STORED DATA
↓

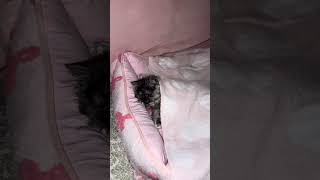 #kitten#cat#scotishcat#persiancat#cute#cutecat#funnycats#catlife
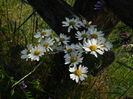 DSCN1721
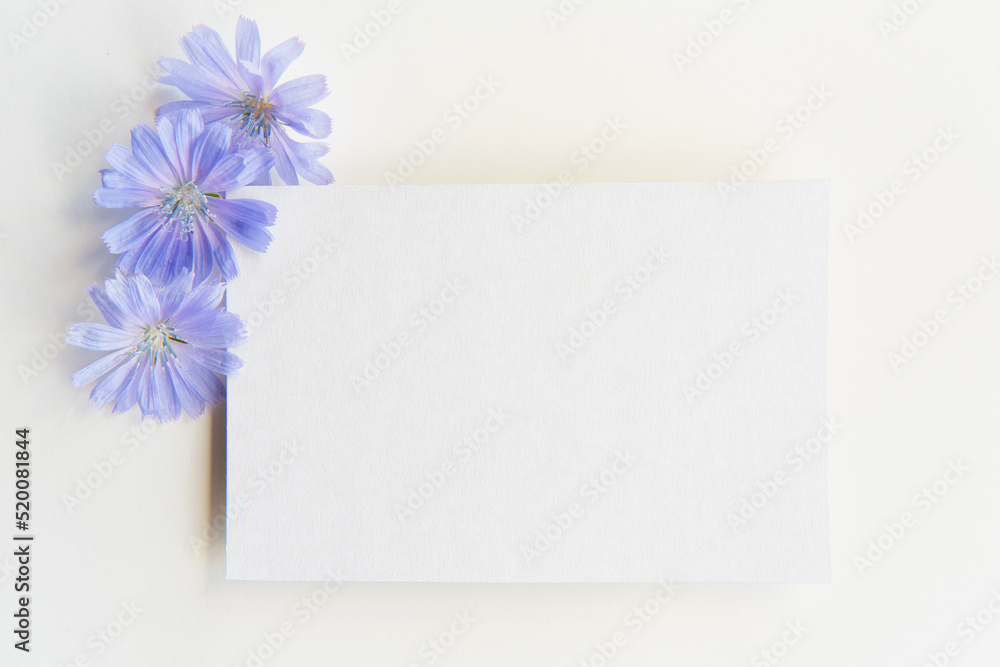 Summer still life. Greeting mockup scene on white background. Blank paper, heads of chicory flowers Summer still life. Greeting mockup scene on white background. Blank paper, heads of chicory flowers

↑

WHAT IS EXPECTED
The answer should be an exact copy of the material, with its pictures removed.

EXERCISE SOLUTION
 #kitten#cat#scotishcat#persiancat#cute#cutecat#funnycats#catlife
 DSCN1721
 Summer still life. Greeting mockup scene on white background. Blank paper, heads of chicory flowers Summer still life. Greeting mockup scene on white background. Blank paper, heads of chicory flowers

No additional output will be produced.